Du coup, afin de brouiller encore un peu plus les pistes, les élus parisiens travaillent au corps une autre donnée essentielle: la durée théorique de remboursement des emprunts. Pour obtenir ce ratio, implacable pour juger la qualité de la gestion d’une municipalité, tous les comptables publics de France procèdent de la même manière: ils calculent combien d’années il faudrait à la ville pour effacer son ardoise si elle y consacrait la totalité de sa «capacité d’autofinancement», autrement dit, de l’excédent de son budget de fonctionnement. Les spécialistes considèrent qu’au-delà de douze ans la situation devient inquiétante. En moyenne, cette durée est de 5,4 ans dans les communes françaises et de 8,1 ans dans les villes de plus de 100.000 habitants. Mais, à Paris, l’application de ce ratio donne des résultats catastrophiques: quatorze ans!

Nos élus ont donc eu l’idée de le bidouiller un peu. Pour gonfler l’excédent de leur budget de fonctionnement, ils lui ajoutent le produit de la vente annuelle des bijoux de famille (les propriétés immobilières de la ville), qui rapporte environ 200 millions d’euros par an. En utilisant comme dénominateur, ce nouveau concept comptable unique en France, finement baptisé «capacité de financement», les choses deviennent plus présentables, puisque la durée de remboursement théorique passe à moins de dix ans. Dans un rapport de 2016, les magistrats de la Chambre régionale des comptes s’émeuvent de cette grosse ficelle.

Impôts : la facture grimpe pour les Parisiens

Quant aux impôts… En bonne communicante, Anne Hidalgo a pris soin de ne pas toucher aux taux des taxes foncière et d’habitation, sur lesquels la presse a les yeux rivés. Mais elle a fait valser celui de la taxe de séjour, gonflé de 18% celui des droits de mutation (au point que ces derniers, les fameux «frais de notaire», sont devenus la première recette de la capitale), triplé celui de la taxe sur les résidences secondaires, fait exploser de 17 à 50 euros le montant des amendes de stationnement et ajusté à la hausse tout un tas de redevances dues par les administrés. Du coup, à périmètre égal, la note pour les Parisiens a grimpé de plus de 20% depuis l’arrivée de l’élue.

Cela n’empêche pas cette dernière de continuer à répéter partout qu’elle a tenu son engagement de ne pas augmenter les impôts. Et de reformuler sans rire la même promesse pour les cinq années à venir, au cas où elle serait réélue. Dans son rapport de 2016, la Chambre régionale des comptes lui avait pourtant enjoint en termes polis de cesser de mentir. «La ville devra veiller dans sa communication financière à prévenir toute ambiguïté entre les notions de stabilité de la fiscalité et celle, plus restrictive, de stabilité des impôts locaux», écrivaient avec tact les magistrats. Anne Hidalgo n’a pas suivi leurs conseils…

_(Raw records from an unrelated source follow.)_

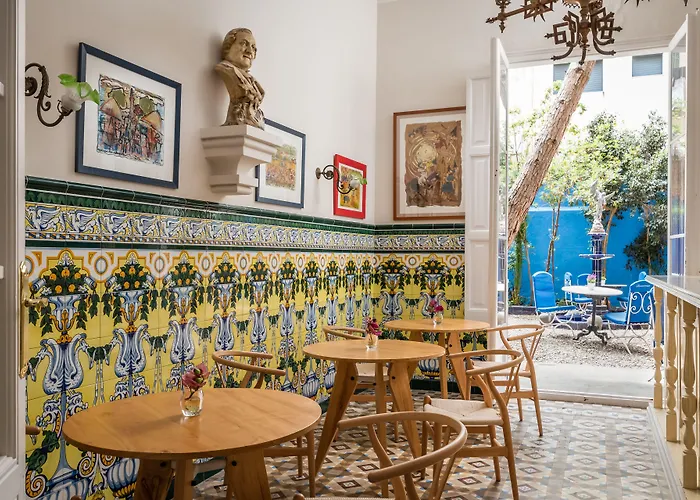 雷纳新卡媒介酒店 酒店 *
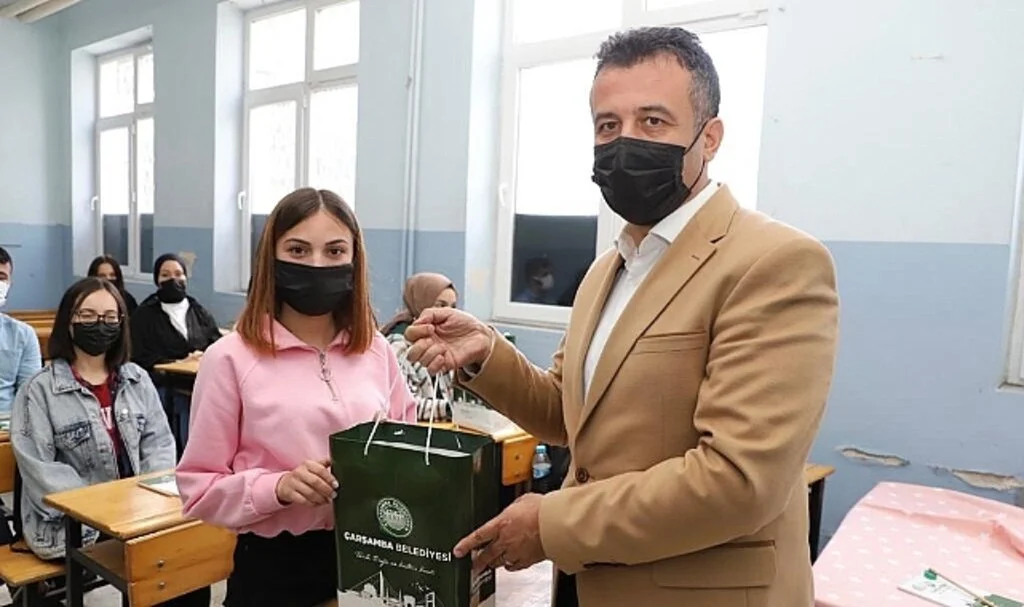 Çarşamba Belediyesi'nden eğtime tam destek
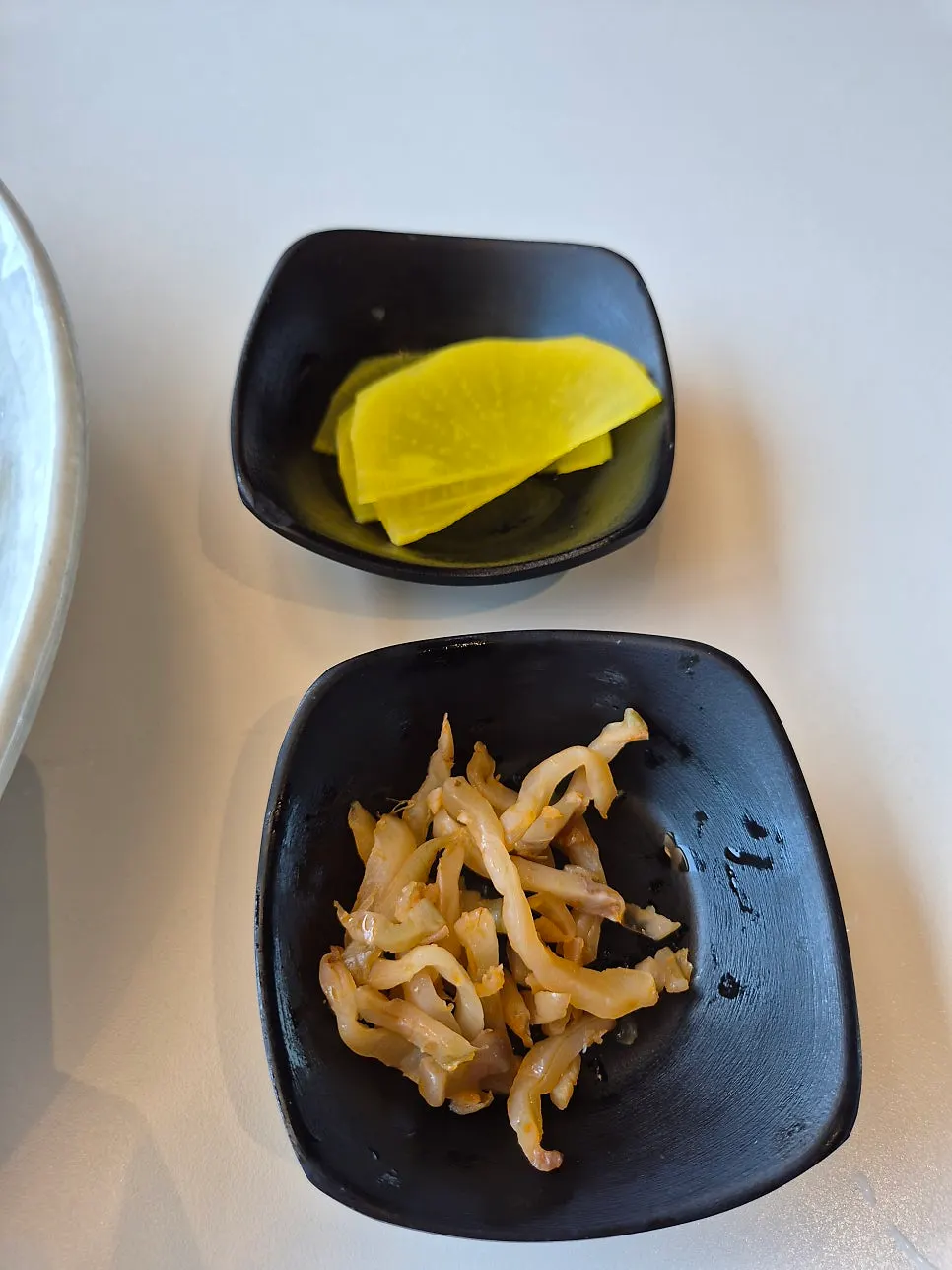 Basic side dishes: danmuji and jjacai
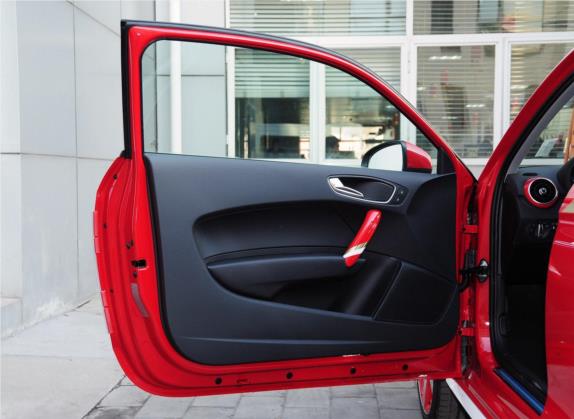 奥迪A1 2013款 30 TFSI 中国限量版 Ego 车厢座椅   前门板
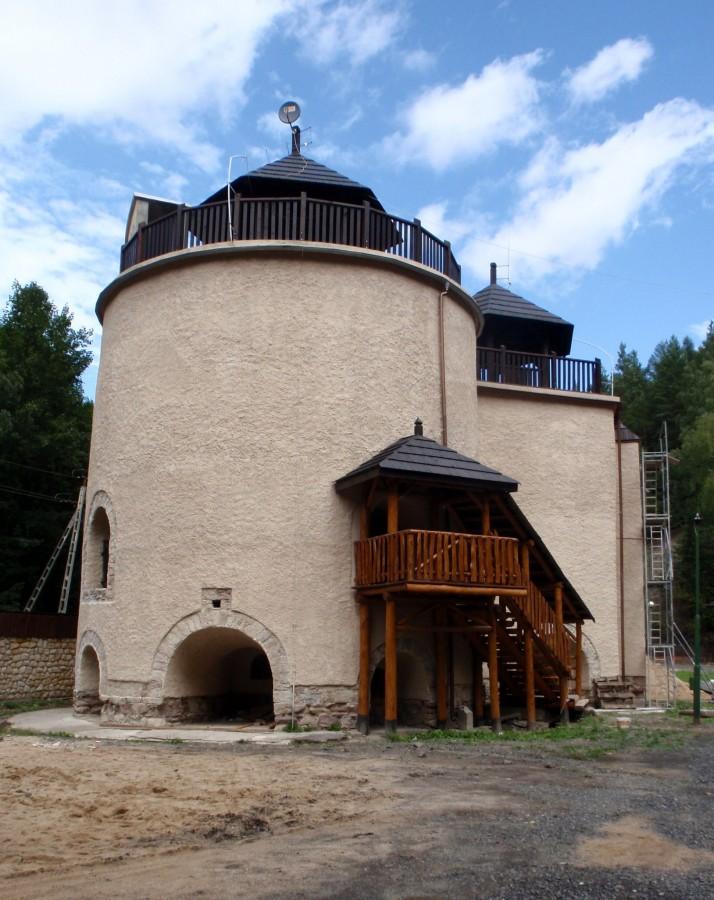 Stare piece wyremontowane dla celów turystycznych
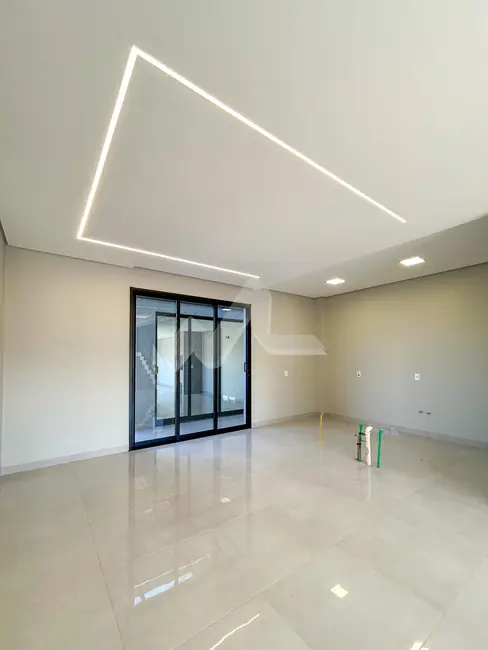 Sobrado com 2 quartos à venda, 257m2 em Vila Becker, Toledo - PR - imagem 7 Foto 7 de Sobrado com 2 quartos à venda, 257m2 em Vila Becker, Toledo - PR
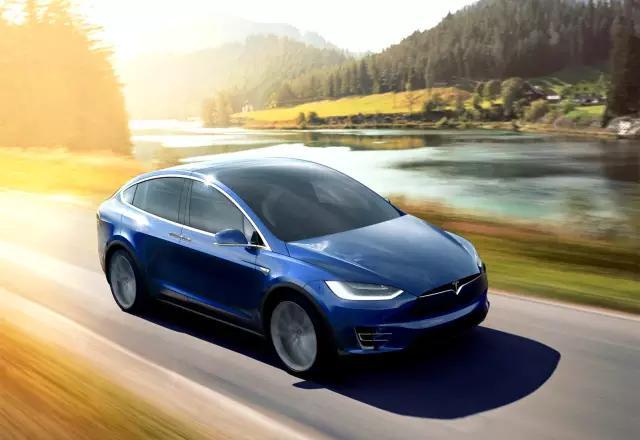 Автопилотът на Tesla замесен във втора катастрофа
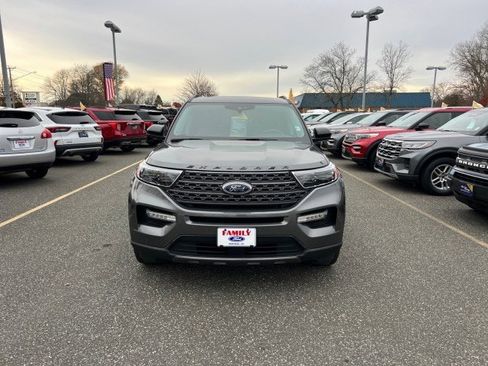 Certified 2022 Ford Explorer XLT w/ Equipment Group 202A image 2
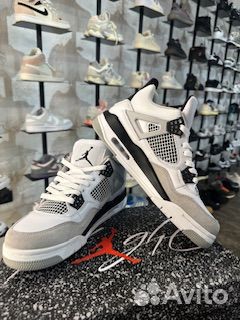 Кроссовки Nike Air Jordan 4 осень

Selon les calculs de Capital, en tenant compte des droits de mutation, un ménage propriétaire qui change de logement tous les quinze ans paie en moyenne 3.419 euros d’impôts par an à Lyon, 3.797 euros à Marseille, 4.193 euros à Bordeaux, et 4.854 euros dans la capitale. Le mythe de l’heureux parisien moins imposé que les autres ne tient plus du tout la route.